- _Task details_: Transcribe the line with "Brilliant Shine Cubic" and all the lines that follow it in the material below, exactly as they stand.

- _Data extract_:

* * *

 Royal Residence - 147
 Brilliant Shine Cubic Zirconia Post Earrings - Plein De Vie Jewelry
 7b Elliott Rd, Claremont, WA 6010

* * *

- _Expected answer_:
 Brilliant Shine Cubic Zirconia Post Earrings - Plein De Vie Jewelry
 7b Elliott Rd, Claremont, WA 6010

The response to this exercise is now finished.